Start of Source information

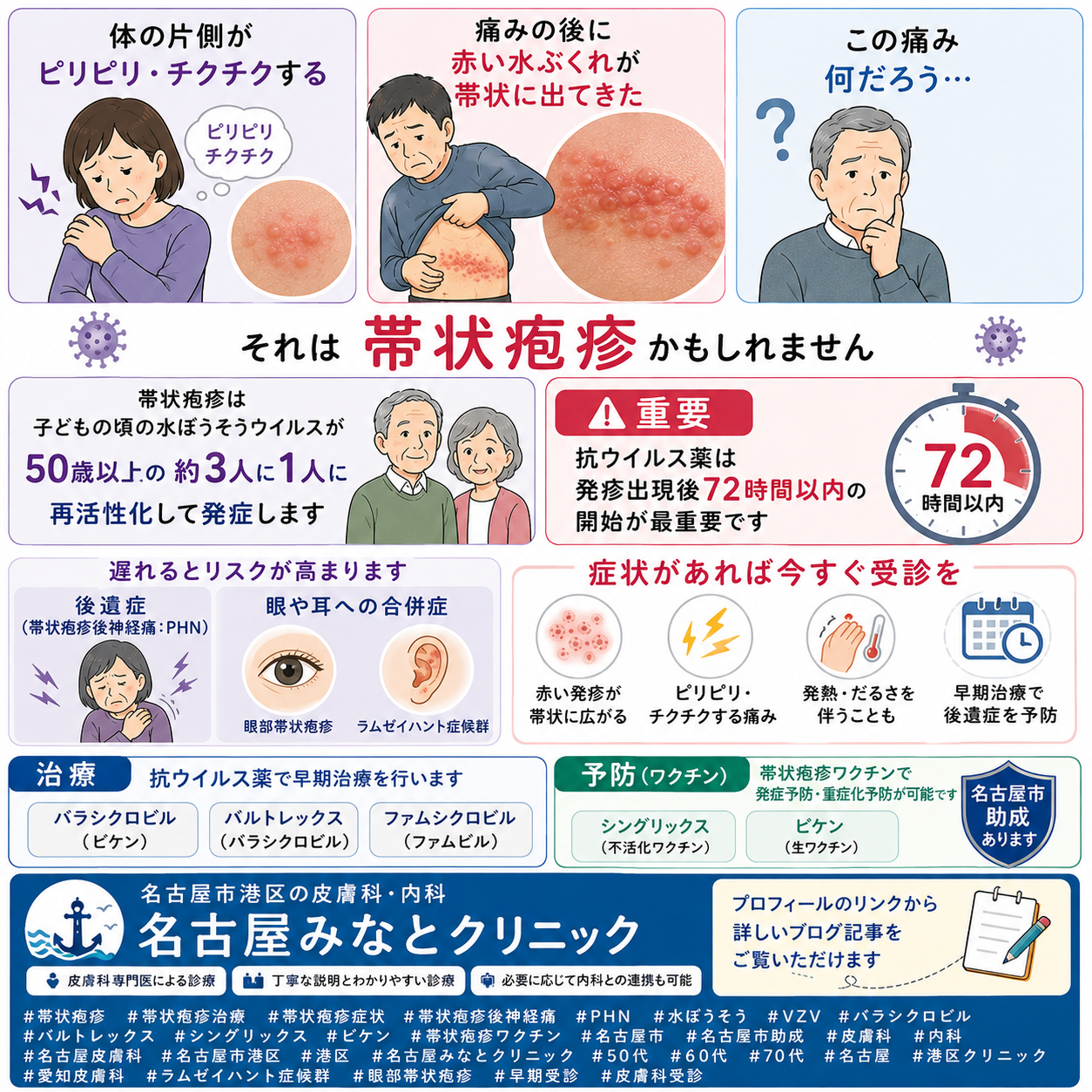 帯状疱疹——「ピリピリする・片側にみずぶくれが出た」の原因と治療・シングリックス・名古屋市ワクチン助成を名古屋みなとクリニック（名古屋市港区・皮膚科・内科）が詳しく解説
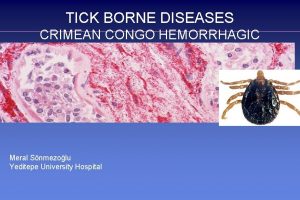 TICK BORNE DISEASES CRIMEAN CONGO HEMORRHAGIC FEVER Meral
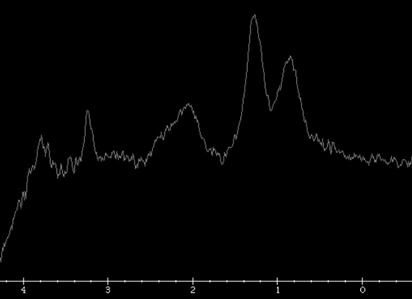 Une pr�sentation trompeuse d'une tumeur fr�quente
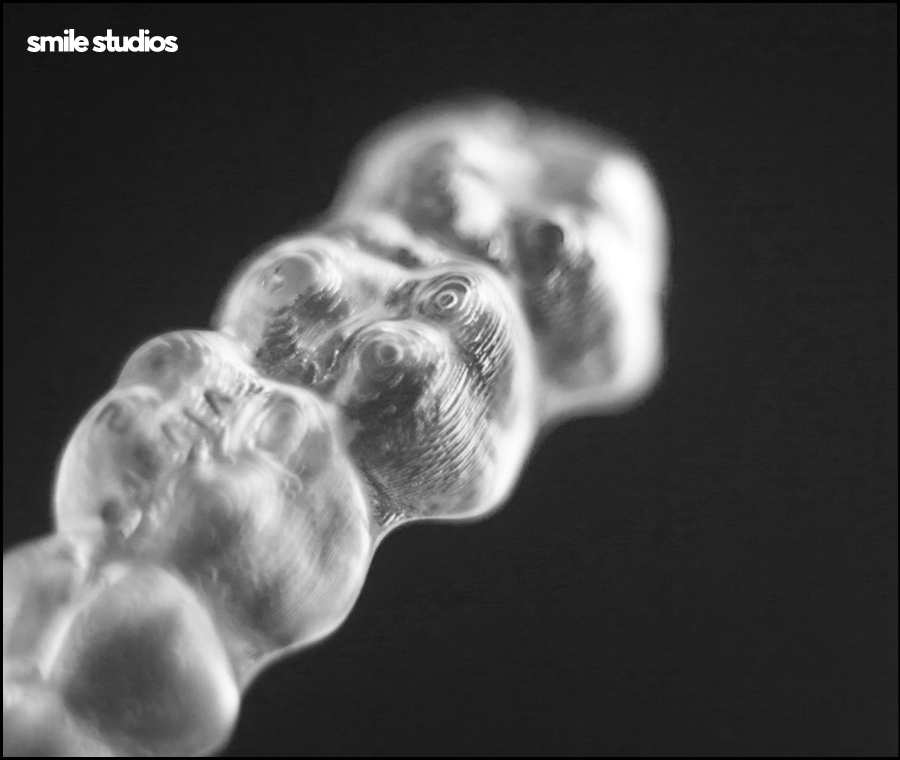 서울인비절라인 권장 케이스, 장점, 치료 시간 정리 관련 이미지 5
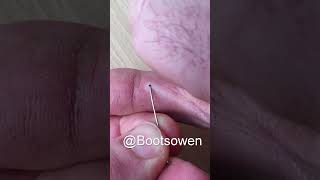 Try this one simple trick to remove a thorn from your finger Quick and easy for splinter extraction [upl. by Ojeillib]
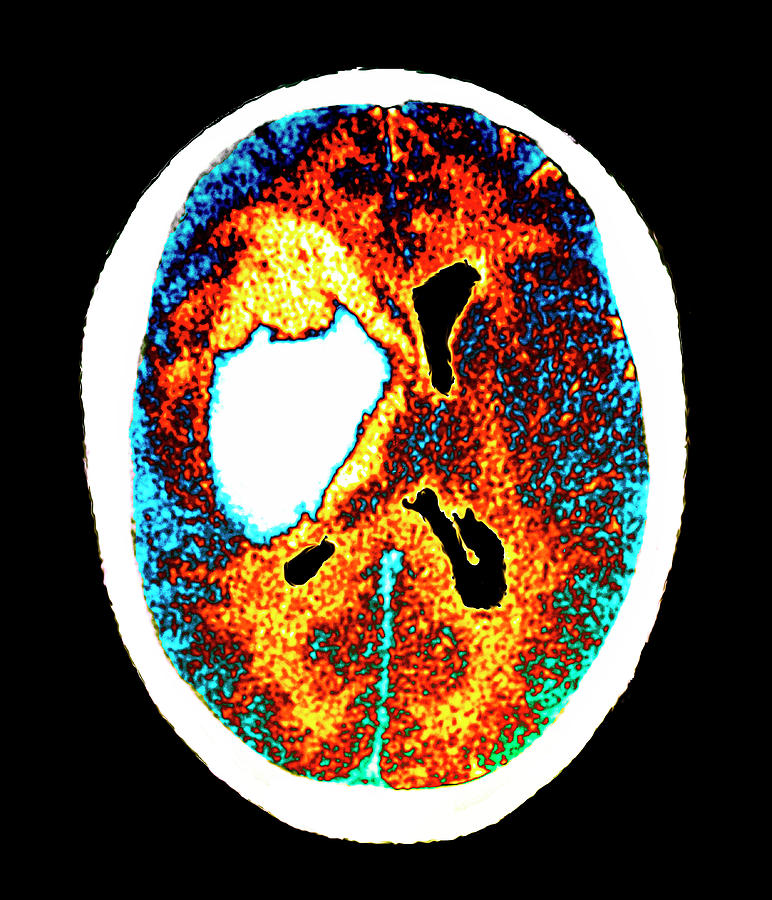 Stroke #26 Photograph by Zephyr/science Photo Library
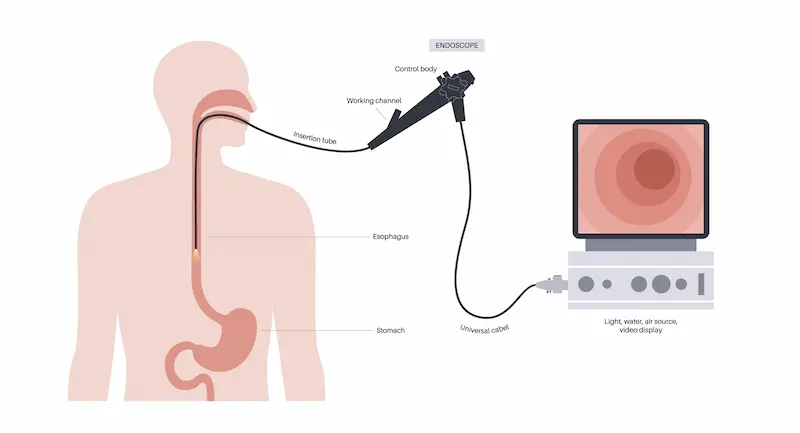 Endoscopy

End of Source information

▶ [Try it]: Extract only the lines from the line containing "TICK BORNE DISEASES" through the final line of the records; keep both ends and drop every picture.

▶ [Exercise result]:
 TICK BORNE DISEASES CRIMEAN CONGO HEMORRHAGIC FEVER Meral
 Une pr�sentation trompeuse d'une tumeur fr�quente
 서울인비절라인 권장 케이스, 장점, 치료 시간 정리 관련 이미지 5
 Try this one simple trick to remove a thorn from your finger Quick and easy for splinter extraction [upl. by Ojeillib]
 Stroke #26 Photograph by Zephyr/science Photo Library
 Endoscopy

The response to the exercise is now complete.